The Sept. 6 session, held at the Southwest Area Research & Extension Center, Garden City, Kan., was offered in both English and Spanish. The packed house spent part of the afternoon inside with Stephen Russell, director of Industry Relations for KBC, learning about the economic and social reasons for proper BQA handling skills.
"As producers we have a responsibility for making a safe and wholesome product for our customers," Russell said. "So, what we do on a daily basis on our farms and ranches and feedyards makes a difference." From following labeling directions on drugs, to quietly handling cattle, to keeping proper records and documentation, it all goes into building consumer confidence in the product we're producing, he added.
Russell discussed the findings of the 2011 National BQA Audit with the packed audience of about 90 feedlot and ranch hands. The national audit is a survey that is conducted every five years to assess progress in all segments of the industry. Russell said one of the things that stuck out in his mind was that food safety continues to be a moving target for improvement.
"As hard as we work on food safety, it's a moving target," he said. "We've looked at interventions in the past to control E. coli and now we're looking at interventions to control salmonella. But what we take away from the audit is that we can't stop working toward improving food safety--it's always before us."

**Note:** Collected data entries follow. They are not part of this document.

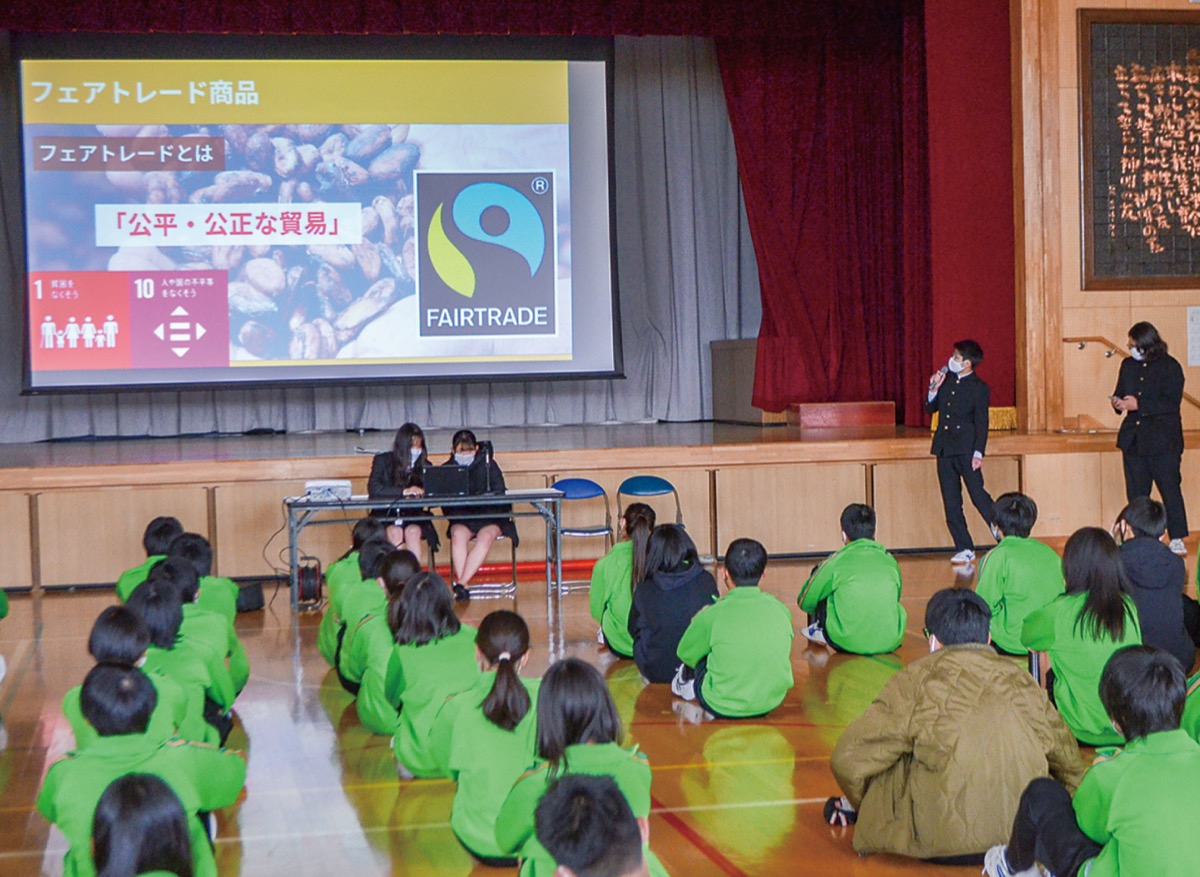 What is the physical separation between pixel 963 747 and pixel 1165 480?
5239mm

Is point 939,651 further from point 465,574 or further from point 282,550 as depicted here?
point 282,550

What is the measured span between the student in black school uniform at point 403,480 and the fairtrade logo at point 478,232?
127 inches

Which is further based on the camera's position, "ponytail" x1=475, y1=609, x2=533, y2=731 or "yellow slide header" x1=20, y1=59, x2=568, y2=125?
"yellow slide header" x1=20, y1=59, x2=568, y2=125

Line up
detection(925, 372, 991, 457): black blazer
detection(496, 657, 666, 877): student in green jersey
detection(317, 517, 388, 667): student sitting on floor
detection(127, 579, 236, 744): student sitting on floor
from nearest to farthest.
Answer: detection(496, 657, 666, 877): student in green jersey < detection(127, 579, 236, 744): student sitting on floor < detection(317, 517, 388, 667): student sitting on floor < detection(925, 372, 991, 457): black blazer

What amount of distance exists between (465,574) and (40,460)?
323 cm

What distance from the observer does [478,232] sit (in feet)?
34.6

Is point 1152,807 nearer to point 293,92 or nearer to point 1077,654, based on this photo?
point 1077,654

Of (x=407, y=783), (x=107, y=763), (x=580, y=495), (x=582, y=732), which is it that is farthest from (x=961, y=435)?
(x=107, y=763)

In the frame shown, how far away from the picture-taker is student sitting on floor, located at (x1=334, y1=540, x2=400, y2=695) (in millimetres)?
4898

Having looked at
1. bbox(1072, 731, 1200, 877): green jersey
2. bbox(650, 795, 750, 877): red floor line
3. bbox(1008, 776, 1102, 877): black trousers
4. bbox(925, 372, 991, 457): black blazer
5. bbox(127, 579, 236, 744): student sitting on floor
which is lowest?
bbox(650, 795, 750, 877): red floor line

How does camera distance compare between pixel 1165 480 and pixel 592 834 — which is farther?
pixel 1165 480

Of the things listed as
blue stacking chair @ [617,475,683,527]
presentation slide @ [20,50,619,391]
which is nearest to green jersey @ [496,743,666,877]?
blue stacking chair @ [617,475,683,527]

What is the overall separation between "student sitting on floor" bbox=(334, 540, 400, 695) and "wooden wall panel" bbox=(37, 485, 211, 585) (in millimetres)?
2950

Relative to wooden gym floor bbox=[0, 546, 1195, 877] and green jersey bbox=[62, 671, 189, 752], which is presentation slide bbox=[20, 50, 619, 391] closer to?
wooden gym floor bbox=[0, 546, 1195, 877] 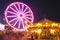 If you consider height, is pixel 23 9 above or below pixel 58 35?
above

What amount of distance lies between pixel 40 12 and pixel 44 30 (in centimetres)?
1483

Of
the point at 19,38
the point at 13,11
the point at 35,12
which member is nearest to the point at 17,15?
the point at 13,11

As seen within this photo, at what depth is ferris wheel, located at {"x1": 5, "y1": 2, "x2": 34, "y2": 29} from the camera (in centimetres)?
2426

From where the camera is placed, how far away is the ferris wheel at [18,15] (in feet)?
79.6

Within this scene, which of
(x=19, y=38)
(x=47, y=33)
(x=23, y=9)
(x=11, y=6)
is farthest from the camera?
(x=23, y=9)

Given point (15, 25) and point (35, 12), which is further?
point (35, 12)

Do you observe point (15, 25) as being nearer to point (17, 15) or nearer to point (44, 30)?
point (17, 15)

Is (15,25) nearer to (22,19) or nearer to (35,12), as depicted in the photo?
(22,19)

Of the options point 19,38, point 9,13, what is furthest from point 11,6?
point 19,38

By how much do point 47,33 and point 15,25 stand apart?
9374 mm

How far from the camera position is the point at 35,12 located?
102 ft

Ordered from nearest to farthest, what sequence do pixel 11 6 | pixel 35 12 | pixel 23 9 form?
pixel 11 6, pixel 23 9, pixel 35 12

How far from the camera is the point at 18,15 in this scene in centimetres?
2462

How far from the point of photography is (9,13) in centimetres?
2427
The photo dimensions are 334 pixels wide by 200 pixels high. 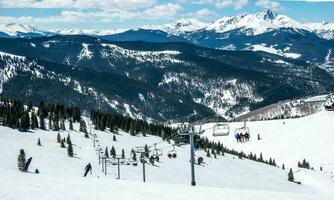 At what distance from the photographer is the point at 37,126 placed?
14512cm

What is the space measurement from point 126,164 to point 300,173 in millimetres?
66332

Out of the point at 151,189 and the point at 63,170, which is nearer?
the point at 151,189

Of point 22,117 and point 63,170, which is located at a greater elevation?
point 22,117

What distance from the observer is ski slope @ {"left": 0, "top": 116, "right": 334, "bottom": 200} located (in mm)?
35781

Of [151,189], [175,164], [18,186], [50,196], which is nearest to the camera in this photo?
[50,196]

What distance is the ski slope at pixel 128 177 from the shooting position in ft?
117

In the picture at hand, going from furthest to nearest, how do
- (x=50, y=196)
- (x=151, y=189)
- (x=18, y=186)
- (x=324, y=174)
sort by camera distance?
(x=324, y=174) → (x=151, y=189) → (x=18, y=186) → (x=50, y=196)

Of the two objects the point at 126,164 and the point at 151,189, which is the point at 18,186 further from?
the point at 126,164

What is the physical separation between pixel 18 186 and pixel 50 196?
151 inches

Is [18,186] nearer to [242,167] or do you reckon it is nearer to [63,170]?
[63,170]

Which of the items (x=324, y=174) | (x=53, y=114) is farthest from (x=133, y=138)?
(x=324, y=174)

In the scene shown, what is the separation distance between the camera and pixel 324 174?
154500 mm

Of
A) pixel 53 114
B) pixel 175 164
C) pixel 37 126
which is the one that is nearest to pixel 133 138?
pixel 53 114

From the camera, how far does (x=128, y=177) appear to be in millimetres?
96188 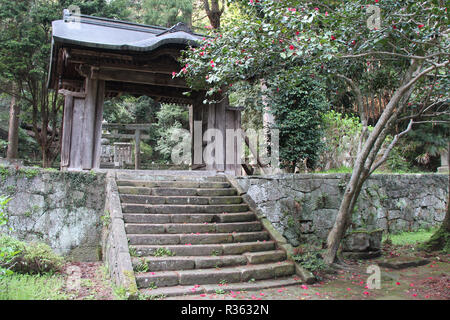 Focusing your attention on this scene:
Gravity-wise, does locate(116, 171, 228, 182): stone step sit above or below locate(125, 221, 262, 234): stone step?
above

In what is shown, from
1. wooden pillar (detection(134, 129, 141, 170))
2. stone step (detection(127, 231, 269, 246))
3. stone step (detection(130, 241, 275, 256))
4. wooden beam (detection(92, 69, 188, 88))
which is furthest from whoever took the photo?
wooden pillar (detection(134, 129, 141, 170))

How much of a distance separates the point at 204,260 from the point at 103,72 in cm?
526

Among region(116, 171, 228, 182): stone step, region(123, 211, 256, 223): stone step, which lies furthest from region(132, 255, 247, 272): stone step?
region(116, 171, 228, 182): stone step

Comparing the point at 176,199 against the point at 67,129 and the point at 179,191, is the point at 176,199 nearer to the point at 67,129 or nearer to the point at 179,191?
the point at 179,191

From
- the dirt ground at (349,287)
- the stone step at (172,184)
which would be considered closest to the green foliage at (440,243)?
the dirt ground at (349,287)

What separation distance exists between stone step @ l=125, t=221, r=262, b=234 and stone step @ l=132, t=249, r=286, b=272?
62cm

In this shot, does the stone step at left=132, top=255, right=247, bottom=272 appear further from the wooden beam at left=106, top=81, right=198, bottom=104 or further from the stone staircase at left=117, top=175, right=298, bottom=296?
the wooden beam at left=106, top=81, right=198, bottom=104

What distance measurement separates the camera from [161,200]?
633 cm

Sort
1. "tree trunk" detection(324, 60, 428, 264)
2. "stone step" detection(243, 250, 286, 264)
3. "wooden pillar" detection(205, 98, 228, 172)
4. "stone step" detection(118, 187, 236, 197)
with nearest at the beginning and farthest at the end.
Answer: "stone step" detection(243, 250, 286, 264) < "tree trunk" detection(324, 60, 428, 264) < "stone step" detection(118, 187, 236, 197) < "wooden pillar" detection(205, 98, 228, 172)

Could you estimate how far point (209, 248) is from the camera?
17.6 feet

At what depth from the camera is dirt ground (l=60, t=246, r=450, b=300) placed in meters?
4.39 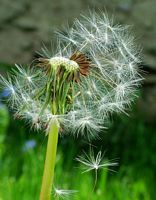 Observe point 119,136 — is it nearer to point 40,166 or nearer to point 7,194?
point 40,166

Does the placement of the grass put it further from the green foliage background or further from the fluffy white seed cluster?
the fluffy white seed cluster

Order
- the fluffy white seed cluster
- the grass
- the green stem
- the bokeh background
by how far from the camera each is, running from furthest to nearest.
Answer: the bokeh background → the grass → the fluffy white seed cluster → the green stem

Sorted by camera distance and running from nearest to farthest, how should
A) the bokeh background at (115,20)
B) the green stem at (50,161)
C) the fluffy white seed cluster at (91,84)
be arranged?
the green stem at (50,161) → the fluffy white seed cluster at (91,84) → the bokeh background at (115,20)

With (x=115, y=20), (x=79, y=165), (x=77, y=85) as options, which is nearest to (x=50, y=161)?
(x=77, y=85)

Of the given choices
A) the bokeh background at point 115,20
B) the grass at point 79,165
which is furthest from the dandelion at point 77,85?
the bokeh background at point 115,20

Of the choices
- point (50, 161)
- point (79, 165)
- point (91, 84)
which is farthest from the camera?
point (79, 165)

The audit showed that since the first audit in 1991, 98 percent of producers surveyed no longer use electric prods as primary driving tools. The 2011 audit reported that 87 percent of respondents had heard of BQA training and 71 percent have attended training in person or via online offerings.
Other topics covered during the day included how improper handling of live cattle translates into carcass losses; proper cattle working conditions and transportation; and proper euthanasia techniques and carcass disposal, among others.

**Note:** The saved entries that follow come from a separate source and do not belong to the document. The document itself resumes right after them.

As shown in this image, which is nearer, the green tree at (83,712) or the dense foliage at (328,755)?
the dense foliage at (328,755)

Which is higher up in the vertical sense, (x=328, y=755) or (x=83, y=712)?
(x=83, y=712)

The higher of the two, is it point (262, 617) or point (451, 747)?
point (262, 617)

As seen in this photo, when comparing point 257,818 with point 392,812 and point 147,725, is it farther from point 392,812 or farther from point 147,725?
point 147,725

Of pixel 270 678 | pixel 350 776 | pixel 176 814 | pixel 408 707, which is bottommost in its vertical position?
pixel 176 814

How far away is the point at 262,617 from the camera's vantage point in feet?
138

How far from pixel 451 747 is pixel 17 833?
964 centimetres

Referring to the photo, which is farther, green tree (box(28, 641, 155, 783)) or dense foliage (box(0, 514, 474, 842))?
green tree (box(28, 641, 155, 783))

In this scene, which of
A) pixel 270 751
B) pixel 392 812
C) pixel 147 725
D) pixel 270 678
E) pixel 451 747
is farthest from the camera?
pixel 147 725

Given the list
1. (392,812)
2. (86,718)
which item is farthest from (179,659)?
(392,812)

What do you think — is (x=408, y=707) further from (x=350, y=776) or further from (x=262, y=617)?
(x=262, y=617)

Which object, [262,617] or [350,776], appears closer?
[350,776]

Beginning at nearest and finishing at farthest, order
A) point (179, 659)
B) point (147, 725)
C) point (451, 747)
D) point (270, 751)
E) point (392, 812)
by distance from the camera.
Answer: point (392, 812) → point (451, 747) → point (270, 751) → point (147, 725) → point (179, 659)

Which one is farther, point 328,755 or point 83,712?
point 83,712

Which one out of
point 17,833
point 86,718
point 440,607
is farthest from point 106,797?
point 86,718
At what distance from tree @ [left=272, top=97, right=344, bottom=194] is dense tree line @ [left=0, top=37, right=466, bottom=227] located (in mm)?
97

The latter half of the afternoon was spent outside viewing a necropsy on a dead steer from a nearby feedlot, performed by a KSU College of Veterinary Medicine graduate student Dr. Shane Terrell. Participants were able to follow along as Terrell showed how veterinarians diagnose health issues post-mortem.
Jeff George, of Finney County Feed Yard, said it's important for feedyards like his and others around the state to participate in training events like this because consumers around the world are watching American cattlemen and they want assurances that what we produce is a safe, healthy and nutritious product.

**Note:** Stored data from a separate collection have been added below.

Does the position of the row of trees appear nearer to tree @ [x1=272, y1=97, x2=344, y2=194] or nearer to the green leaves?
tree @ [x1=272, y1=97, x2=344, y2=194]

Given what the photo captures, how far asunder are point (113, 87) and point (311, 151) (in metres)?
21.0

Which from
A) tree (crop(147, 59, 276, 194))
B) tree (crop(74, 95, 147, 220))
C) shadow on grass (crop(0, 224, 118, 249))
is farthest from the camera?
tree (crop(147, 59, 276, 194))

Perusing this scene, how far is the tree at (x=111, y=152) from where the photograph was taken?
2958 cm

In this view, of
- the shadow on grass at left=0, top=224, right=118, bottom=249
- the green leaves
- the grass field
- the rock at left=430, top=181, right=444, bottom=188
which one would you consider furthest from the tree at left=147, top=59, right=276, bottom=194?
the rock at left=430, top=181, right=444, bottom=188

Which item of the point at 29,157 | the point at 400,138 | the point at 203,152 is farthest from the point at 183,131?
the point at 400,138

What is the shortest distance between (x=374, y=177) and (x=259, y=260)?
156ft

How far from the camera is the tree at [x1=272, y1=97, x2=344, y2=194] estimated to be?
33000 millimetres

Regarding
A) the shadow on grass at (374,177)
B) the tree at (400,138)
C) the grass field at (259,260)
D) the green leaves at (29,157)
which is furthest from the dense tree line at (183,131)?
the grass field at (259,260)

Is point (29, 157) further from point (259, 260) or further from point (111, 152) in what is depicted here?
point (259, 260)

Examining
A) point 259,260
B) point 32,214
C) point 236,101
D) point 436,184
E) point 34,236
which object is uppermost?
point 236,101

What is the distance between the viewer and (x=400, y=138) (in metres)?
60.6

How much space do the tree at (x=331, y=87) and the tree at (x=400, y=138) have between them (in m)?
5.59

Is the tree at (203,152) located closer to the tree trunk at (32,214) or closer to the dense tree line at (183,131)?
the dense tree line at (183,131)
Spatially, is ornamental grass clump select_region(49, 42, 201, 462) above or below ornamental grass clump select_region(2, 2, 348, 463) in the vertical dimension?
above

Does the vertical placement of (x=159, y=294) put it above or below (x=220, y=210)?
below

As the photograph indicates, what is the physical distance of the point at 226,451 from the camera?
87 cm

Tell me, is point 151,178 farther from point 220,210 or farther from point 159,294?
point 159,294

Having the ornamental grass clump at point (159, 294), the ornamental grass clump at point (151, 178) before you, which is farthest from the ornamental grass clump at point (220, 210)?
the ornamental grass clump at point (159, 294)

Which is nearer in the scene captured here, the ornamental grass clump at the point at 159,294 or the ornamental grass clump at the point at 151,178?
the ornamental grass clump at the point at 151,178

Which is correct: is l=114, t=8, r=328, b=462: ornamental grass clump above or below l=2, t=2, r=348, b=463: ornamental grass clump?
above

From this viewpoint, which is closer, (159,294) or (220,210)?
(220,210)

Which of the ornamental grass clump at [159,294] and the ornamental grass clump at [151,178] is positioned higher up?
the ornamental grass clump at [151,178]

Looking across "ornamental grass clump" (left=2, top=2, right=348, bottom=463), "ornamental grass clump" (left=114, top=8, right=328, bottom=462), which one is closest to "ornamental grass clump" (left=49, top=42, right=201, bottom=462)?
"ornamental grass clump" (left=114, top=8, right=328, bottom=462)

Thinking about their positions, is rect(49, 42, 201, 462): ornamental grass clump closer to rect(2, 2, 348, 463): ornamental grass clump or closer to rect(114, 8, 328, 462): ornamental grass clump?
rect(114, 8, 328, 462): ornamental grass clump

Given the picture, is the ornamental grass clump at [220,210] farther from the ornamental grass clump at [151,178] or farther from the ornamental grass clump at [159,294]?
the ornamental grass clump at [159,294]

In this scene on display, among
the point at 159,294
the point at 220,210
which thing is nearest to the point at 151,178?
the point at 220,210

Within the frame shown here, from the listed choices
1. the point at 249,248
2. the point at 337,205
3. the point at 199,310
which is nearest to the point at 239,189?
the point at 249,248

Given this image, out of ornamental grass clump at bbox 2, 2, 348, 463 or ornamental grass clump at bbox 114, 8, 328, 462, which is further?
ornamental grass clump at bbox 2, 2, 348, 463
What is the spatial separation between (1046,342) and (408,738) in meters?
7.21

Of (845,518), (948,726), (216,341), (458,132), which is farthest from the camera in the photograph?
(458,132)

"We have had employees attend BQA schools and they've learned several things," George said. "Our goal is to produce a good, safe, nutritious product in a humane manner and show that our animals are well taken care of and that's the main focus of events like today." He added that those employees that have attended BQA training have brought back ideas for innovations around the feedyard to improve handling practices and facilities.
"Most yards and the people in the industry want to do good and they're focused on doing the best job they can," George added.
Russell said overall the feedback from training around the state has been positive. "We average about 90 people per workshop and we anticipate that average to grow," he said. And, he added, while it would be nice if everyone attended a BQA seminar near them, what's more important is engaging producers in a conversation about proper cattle handling. "We want them to be conscious about what they're doing on their operations and committed to producing a product that's safe and wholesome."